* ABOUT THIS TASK *
Starting with the line that holds "The second speaker" and stopping after the line that holds "Hello world! Welcome", repeat the lines below word for word, without the pictures.

[Stored items]
- Opening Delimiter -
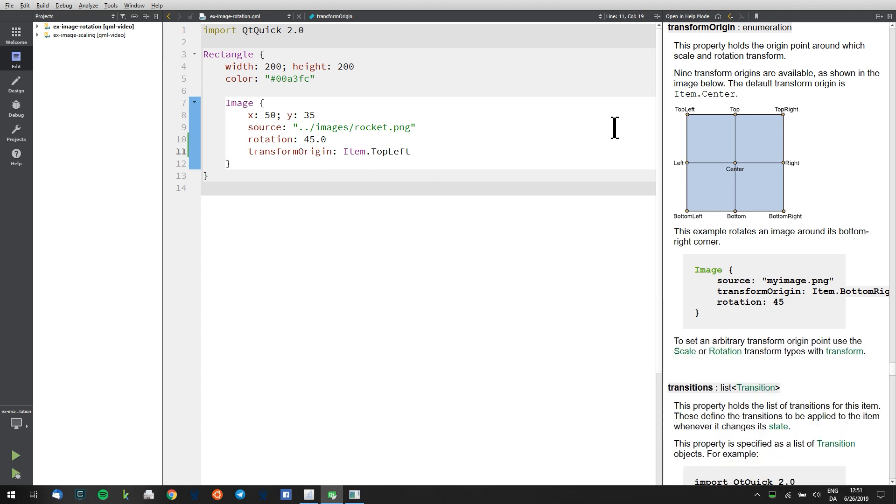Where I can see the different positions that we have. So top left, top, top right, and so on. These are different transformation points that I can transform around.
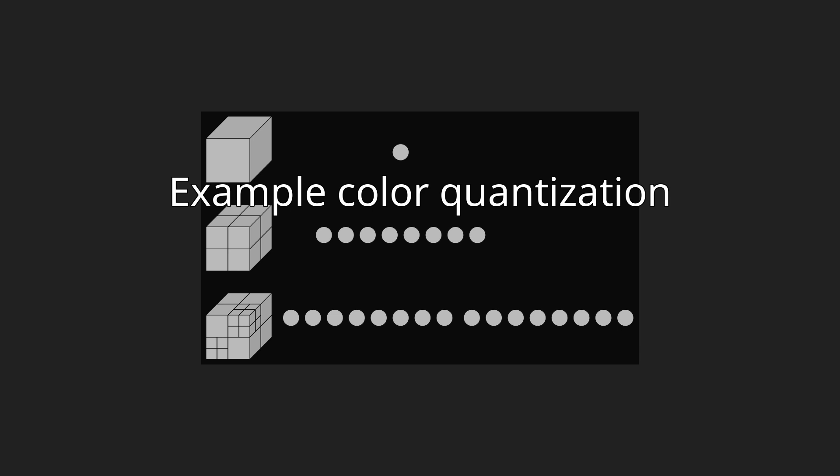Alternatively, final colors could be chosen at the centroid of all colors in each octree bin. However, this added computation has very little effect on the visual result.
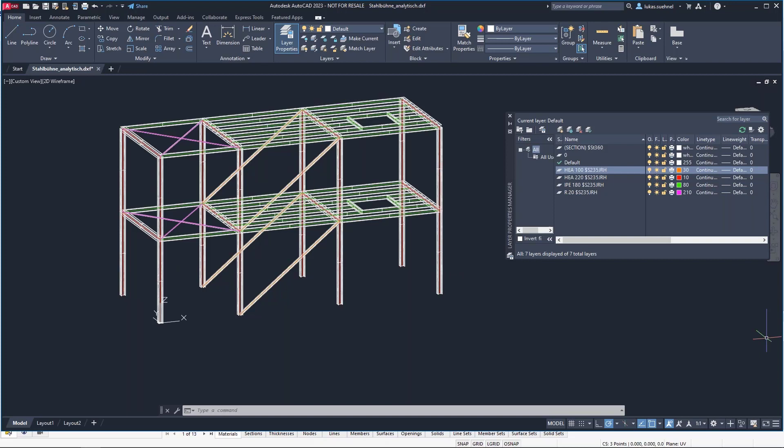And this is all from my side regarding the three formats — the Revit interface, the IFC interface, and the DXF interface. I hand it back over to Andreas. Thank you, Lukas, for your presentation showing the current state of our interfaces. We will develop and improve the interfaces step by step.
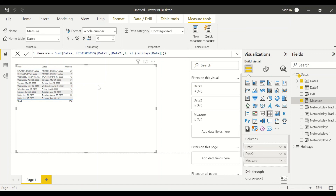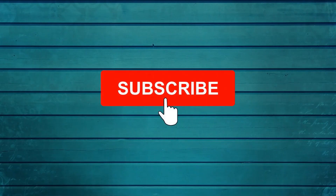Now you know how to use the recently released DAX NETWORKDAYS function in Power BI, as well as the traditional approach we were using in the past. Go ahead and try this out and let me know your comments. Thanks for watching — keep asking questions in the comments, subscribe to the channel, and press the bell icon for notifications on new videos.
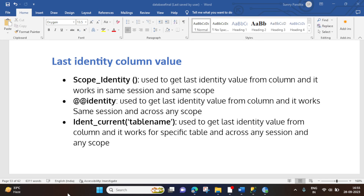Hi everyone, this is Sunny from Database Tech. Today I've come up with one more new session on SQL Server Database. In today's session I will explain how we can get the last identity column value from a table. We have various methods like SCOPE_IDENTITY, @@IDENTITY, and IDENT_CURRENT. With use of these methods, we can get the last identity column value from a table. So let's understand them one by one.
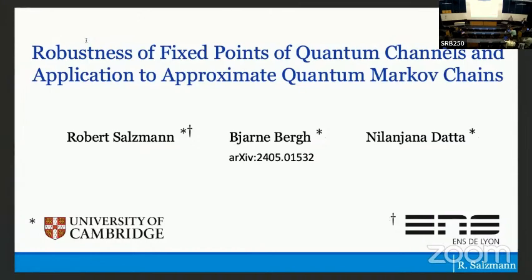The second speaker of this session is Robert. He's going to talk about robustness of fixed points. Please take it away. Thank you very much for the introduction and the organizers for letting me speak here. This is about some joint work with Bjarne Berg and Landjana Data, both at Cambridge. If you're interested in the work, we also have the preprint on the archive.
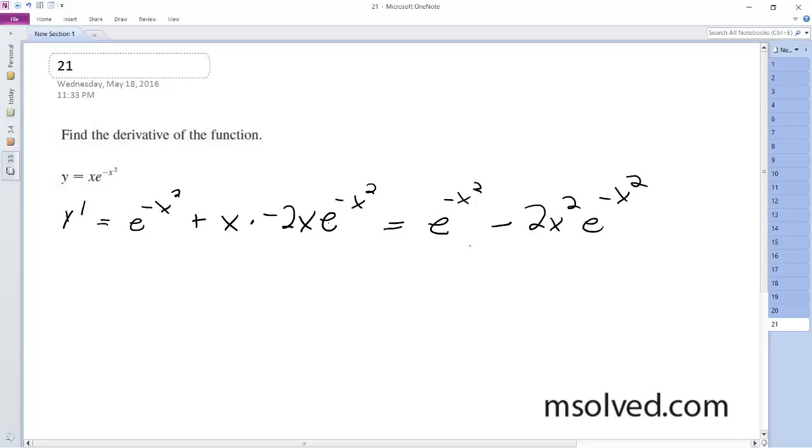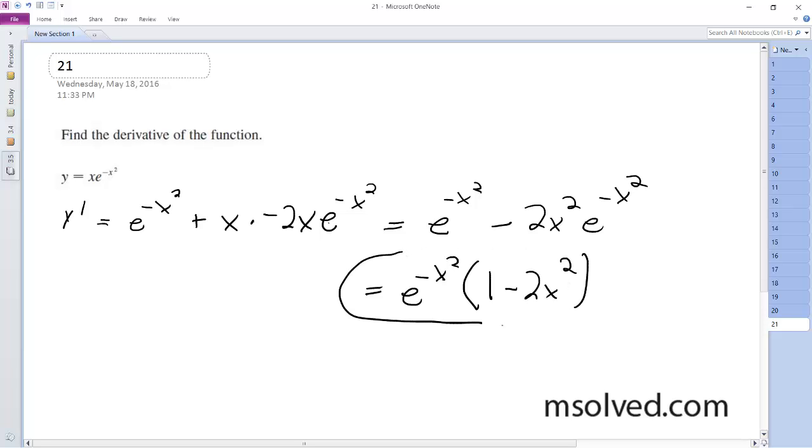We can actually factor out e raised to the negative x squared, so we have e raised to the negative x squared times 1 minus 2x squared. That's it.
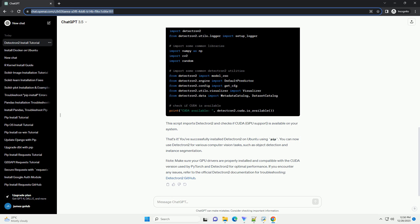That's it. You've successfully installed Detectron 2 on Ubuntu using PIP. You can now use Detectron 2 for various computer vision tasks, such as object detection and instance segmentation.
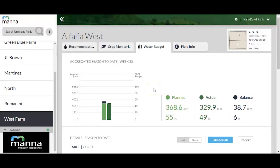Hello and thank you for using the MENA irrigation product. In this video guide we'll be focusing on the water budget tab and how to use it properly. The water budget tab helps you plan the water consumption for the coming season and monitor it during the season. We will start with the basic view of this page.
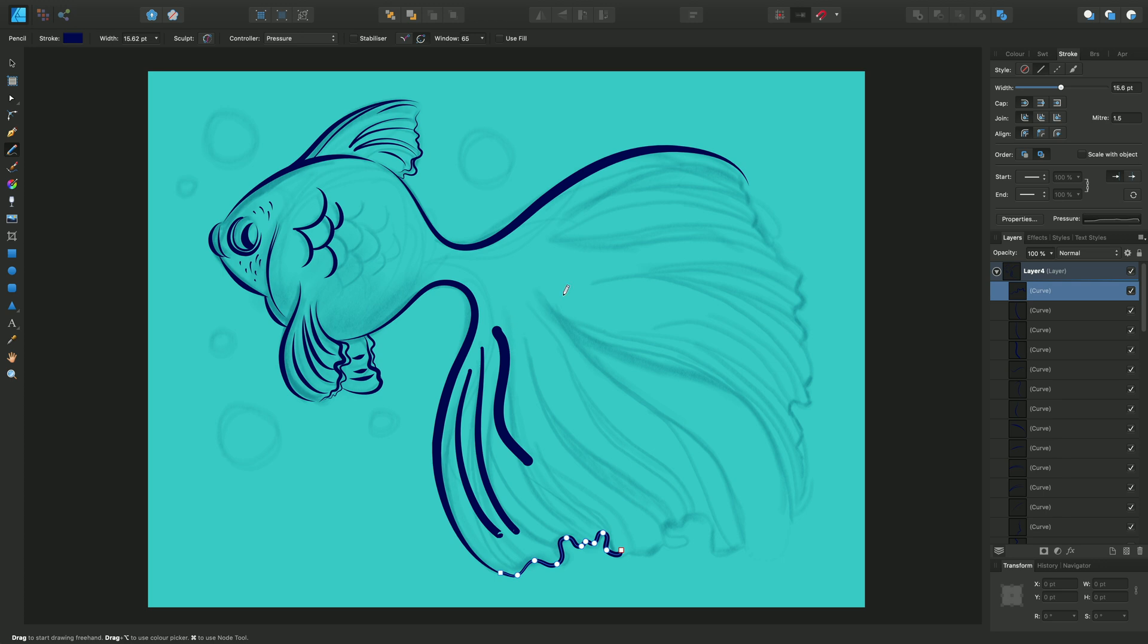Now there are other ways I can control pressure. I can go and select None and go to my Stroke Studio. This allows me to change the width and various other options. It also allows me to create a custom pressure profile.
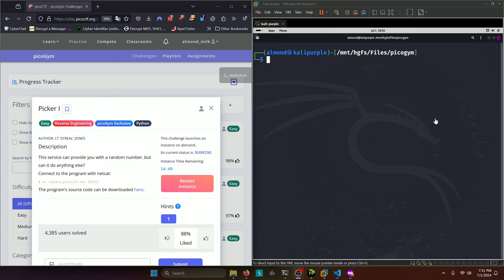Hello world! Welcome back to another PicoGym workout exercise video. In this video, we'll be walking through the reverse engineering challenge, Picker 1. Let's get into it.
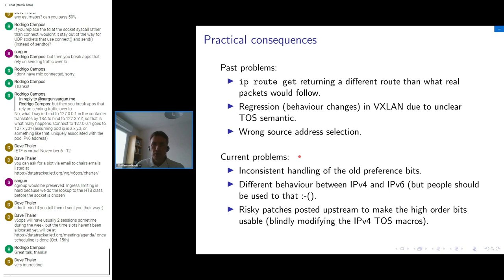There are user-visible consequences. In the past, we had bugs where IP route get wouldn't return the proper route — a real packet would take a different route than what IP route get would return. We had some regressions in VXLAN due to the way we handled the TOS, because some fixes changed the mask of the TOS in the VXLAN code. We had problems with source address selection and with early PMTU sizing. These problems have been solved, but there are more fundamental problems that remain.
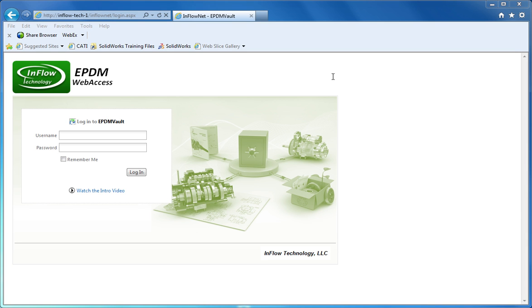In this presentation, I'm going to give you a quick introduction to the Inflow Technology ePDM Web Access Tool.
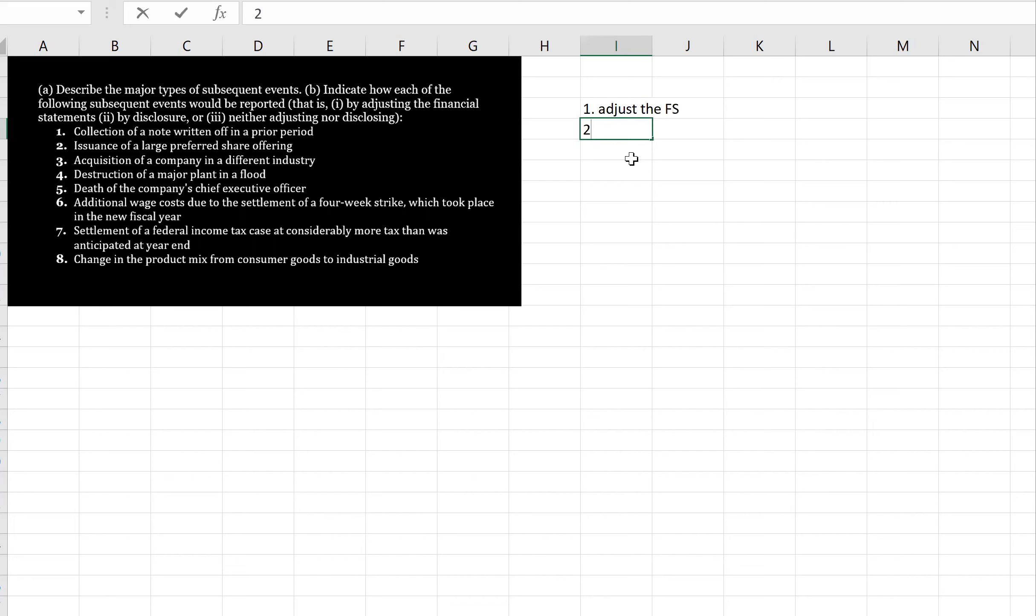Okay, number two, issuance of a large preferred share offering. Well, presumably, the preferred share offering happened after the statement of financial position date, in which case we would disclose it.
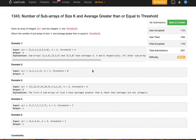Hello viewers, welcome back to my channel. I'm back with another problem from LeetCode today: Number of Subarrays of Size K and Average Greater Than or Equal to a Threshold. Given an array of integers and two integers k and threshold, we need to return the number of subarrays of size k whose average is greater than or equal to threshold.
- Closing Delimiter -
* PROBLEM SOLUTION *
The second speaker of this session is Robert. He's going to talk about robustness of fixed points. Please take it away. Thank you very much for the introduction and the organizers for letting me speak here. This is about some joint work with Bjarne Berg and Landjana Data, both at Cambridge. If you're interested in the work, we also have the preprint on the archive.
We can actually factor out e raised to the negative x squared, so we have e raised to the negative x squared times 1 minus 2x squared. That's it.
That's it. You've successfully installed Detectron 2 on Ubuntu using PIP. You can now use Detectron 2 for various computer vision tasks, such as object detection and instance segmentation.
Hello and thank you for using the MENA irrigation product. In this video guide we'll be focusing on the water budget tab and how to use it properly. The water budget tab helps you plan the water consumption for the coming season and monitor it during the season. We will start with the basic view of this page.
Now there are other ways I can control pressure. I can go and select None and go to my Stroke Studio. This allows me to change the width and various other options. It also allows me to create a custom pressure profile.
Hello world! Welcome back to another PicoGym workout exercise video. In this video, we'll be walking through the reverse engineering challenge, Picker 1. Let's get into it.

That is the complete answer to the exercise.